TASK PROMPT: Below are some entries. Transcribe the lines from the one holding "Kiran Rao attends Osians preview exhibition" to the one holding "MALETIN PARA PORTATIL", inclusive, but not the pictures among them.

DATA PROVIDED:
==============================

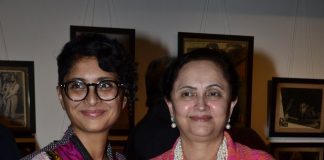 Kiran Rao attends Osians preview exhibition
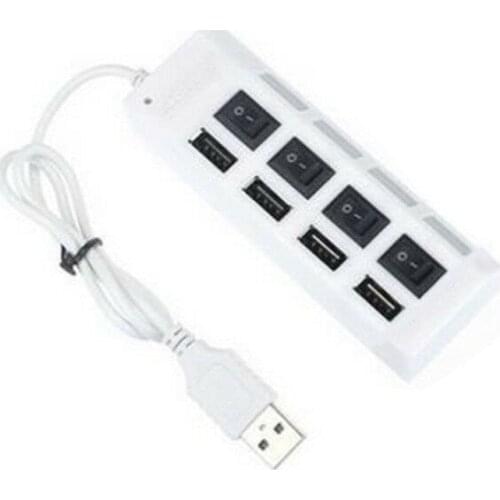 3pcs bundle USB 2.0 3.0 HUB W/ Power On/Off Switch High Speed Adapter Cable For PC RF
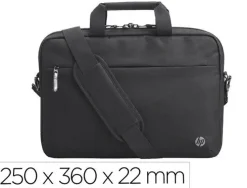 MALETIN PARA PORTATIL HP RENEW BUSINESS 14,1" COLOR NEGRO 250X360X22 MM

==============================

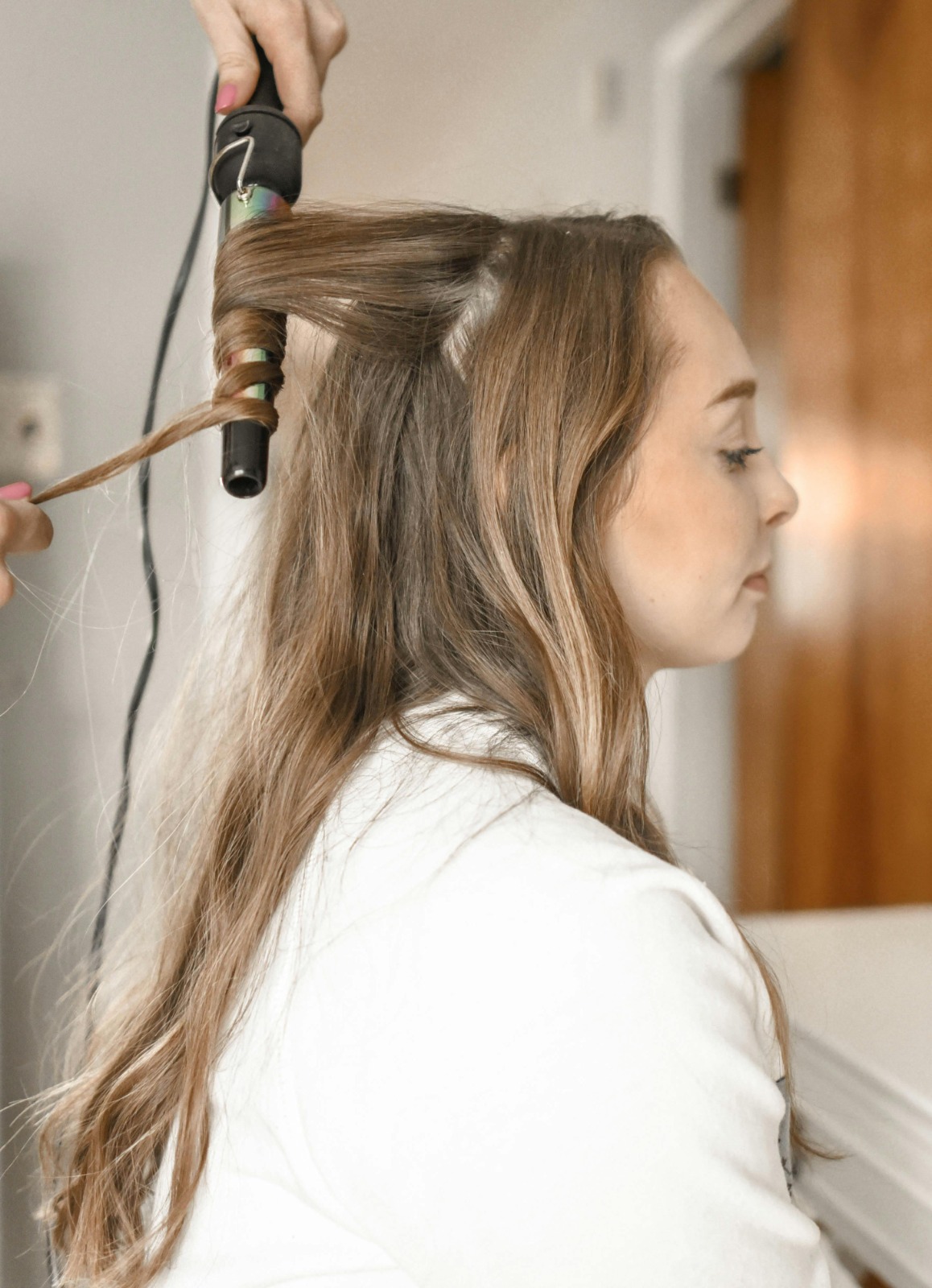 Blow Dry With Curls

==============================

YOUR SOLUTION:
 Kiran Rao attends Osians preview exhibition
 3pcs bundle USB 2.0 3.0 HUB W/ Power On/Off Switch High Speed Adapter Cable For PC RF
 MALETIN PARA PORTATIL HP RENEW BUSINESS 14,1" COLOR NEGRO 250X360X22 MM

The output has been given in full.